Tuesday, February 22, 2011

Some Odds and Ends

More on Generals

Okay, I'll confess it, Generals are "chrome" to the system. I prefer to know that it was General Hund-Hund who was killed or wounded, ont General #7. And with the way the rules are written, taken literally, a hard-fought campaign can do you out of generals. We know this doesn't happen, though command talent can get mighty thin in a prolonged war.

So players should name their generals. Put them in the nobility, and invent colorful biographies for them. Thus we can have General Sir Hugh Hackwell-Slashem, the famed cvalry leader, Sir Pickaninny Pouncetrifel, the Auditor General, and most beloved of all, Citizen Field Marshal Lord Stanley of Umbrage (he successfully took Umbrage, a town in Imaginary Germany). The more joking, the better.

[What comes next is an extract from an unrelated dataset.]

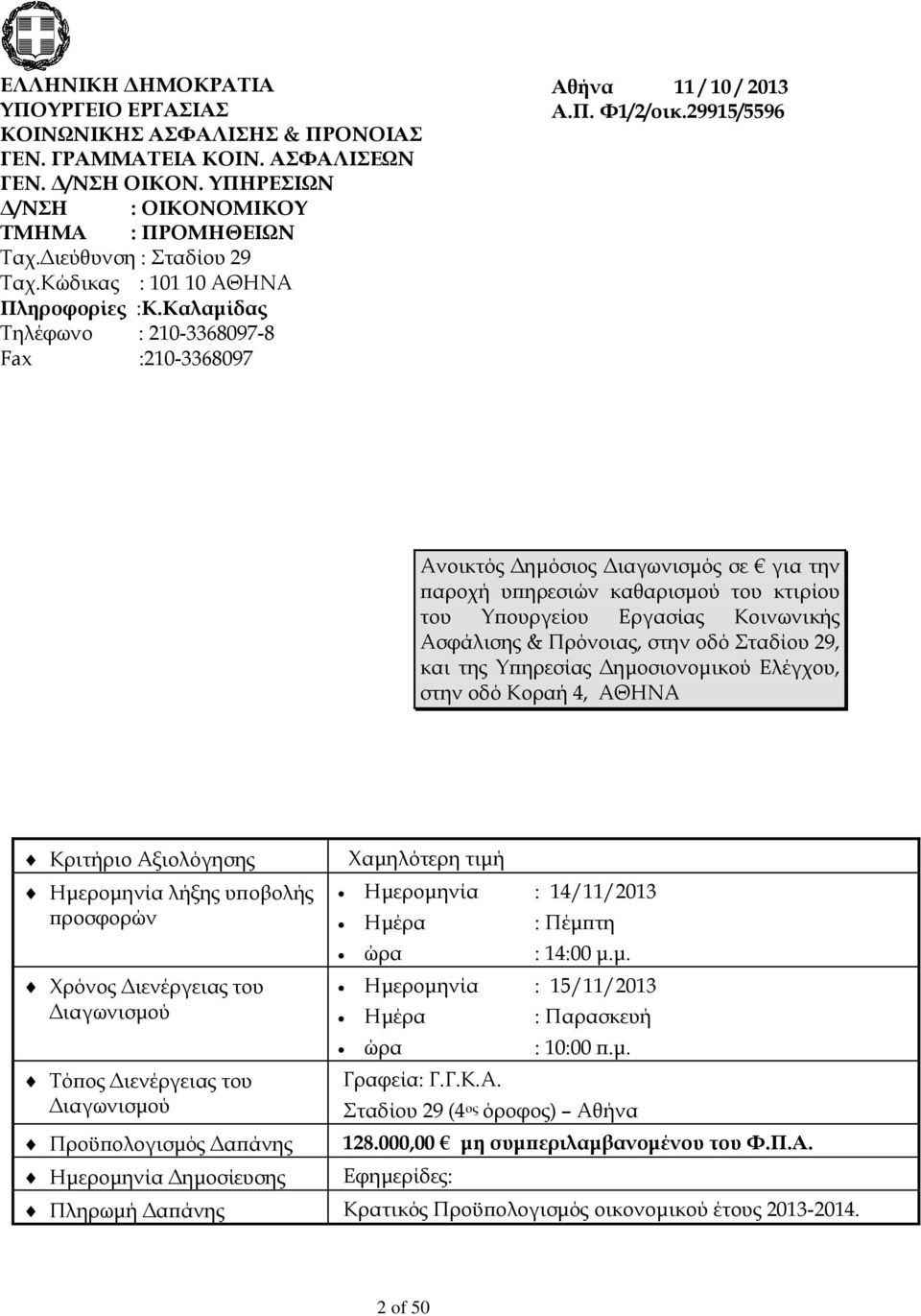 29915/5596 Ανοικτός Δημόσιος Διαγωνισμός σε για την παροχή υπηρεσιών καθαρισμού του κτιρίου του Υπουργείου Εργασίας Κοινωνικής Ασφάλισης & Πρόνοιας, στην οδό Σταδίου 29, και της Υπηρεσίας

For example, the Colonel of the Marine Regiment is Lagostin (which I believe is lobster in French). The regiment has yellow facings because lobster with butter...yum!

So as generals fall by the wayside, new ones step forward to risk life and limb. The sprigs of the nobility have to be pruned from time to time.

Guards

Both armies have guards. They number, at most, a company. They snap to attention and thump their halberds on the groun when nobility passes. The palaces are guarded in turn by regulars who take turns doing it.

Grenadiers? More later. A pernicious habit, by the way.